Ao lado de Cidadão Brasileiro, Bicho do Mato, substituta de Prova de Amor, formou uma dobradinha que me prendeu na tela da Record. Ao menos durante os primeiros meses da trama, quando o texto ainda estava sob o comando de Cristianne Fridman e Bosco Brasil. Trazendo as belezas do Pantanal, Bicho do Mato nos brindava com imagens belíssimas que adornavam o romance de Juba (André Bankoff) e Cecília (Renata Dominguez). Angelina Muniz, Beatriz Segall, Denise Del Vecchio, Regina Dourado, Ana Rosa, Jonas Bloch e Ana Beatriz Nogueira também figuravam no grande elenco que encabeçava a produção. Mas os números de audiência não responderam como previsto e Tiago Santiago fora chamado para intervir no texto, o que transformou a novela numa sucessão de cenas de ação e sofrimento, fazendo com que eu abandonasse a trama em seu terço final.


Alterações policialescas também comprometeriam de Alta Estação, única produção das 18h exibida na Record, em um tempo em que honraram a promessa de ter três horários de novelas, tal e qual a líder Globo. Com uma aura que lembrava Friends, Alta Estação nos trouxe o divertido casal Caio (Guilherme Boury) e Renata (Andréa Horta), responsáveis por eu me manter fiel à novela até o fim, já que as mudanças que trouxeram mais ação para a trama (seguindo a cartilha de Tiago Santiago) deturparam completamente a sinopse desenvolvida por Margareth Boury.

A violência serviria como chamariz de audiência para Vidas Opostas, de Marcílio Moraes, novela que substituiu Cidadão Brasileiro às 22h (último horário no qual a trama figurou). Dessa vez, contudo, diferentemente do que acontecera nas novelas anteriores, a violência estava inserida dentro de um contexto, já que a trama se passara numa favela e trazia em seu enredo a guerra entre traficantes, policiais e a sociedade. Vidas Opostas pode ser considerada com a mais trama de maior êxito da Record neste período, tamanha foi a sua repercussão, audiência e os prêmios que conquistara.


Ao contrário de Vidas Opostas, Luz do Sol, única novela de Ana Maria Moretzsohn na Record, passaria em brancas nuvens. A trama, demasiadamente lenta e insossa, não empolgou. O acerto foi a direção de Ivan Zettel, que nos brindou com belas sequências no início, quando a menina Drica (posteriormente vivida por Luma Costa) fora sequestrada.
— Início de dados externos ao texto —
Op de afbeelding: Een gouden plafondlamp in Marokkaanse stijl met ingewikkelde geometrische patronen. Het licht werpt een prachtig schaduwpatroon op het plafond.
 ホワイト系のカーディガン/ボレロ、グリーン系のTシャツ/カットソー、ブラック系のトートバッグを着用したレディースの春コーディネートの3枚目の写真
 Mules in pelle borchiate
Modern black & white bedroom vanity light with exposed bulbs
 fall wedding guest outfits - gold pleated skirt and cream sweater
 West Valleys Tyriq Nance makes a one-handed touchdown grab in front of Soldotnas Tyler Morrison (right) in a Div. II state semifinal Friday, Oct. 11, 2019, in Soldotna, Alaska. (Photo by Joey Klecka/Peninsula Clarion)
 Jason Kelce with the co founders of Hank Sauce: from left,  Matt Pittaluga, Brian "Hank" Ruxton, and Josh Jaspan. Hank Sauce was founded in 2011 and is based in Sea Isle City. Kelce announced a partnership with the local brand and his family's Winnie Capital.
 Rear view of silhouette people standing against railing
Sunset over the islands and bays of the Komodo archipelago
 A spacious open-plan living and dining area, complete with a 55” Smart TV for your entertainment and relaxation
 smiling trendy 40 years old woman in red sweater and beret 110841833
Luz do Sol ainda disputou audiência com o sucesso Paraíso Tropical, numa época em que a novela das 19h da Record, tamanha foram as suas mudanças de horário, era exibida às 21h.


As tramas posteriores das 21h e 22h trocariam de horário, confundindo e afugentando o público da Record. Caminhos do Coração, primeira trama de Tiago Santiago às 22h, fora um sucesso. Tornou-se febre entre o público infanto-juvenil, com sua história repleta de seres extraordinários, os mutantes. Os efeitos especiais dominavam a cena e comprometeriam seriamente o desenvolvimento da novela. Ainda assim, a audiência se manteve fiel e a Record usou a novela como arma para limar a estreia de A Favorita, na Globo.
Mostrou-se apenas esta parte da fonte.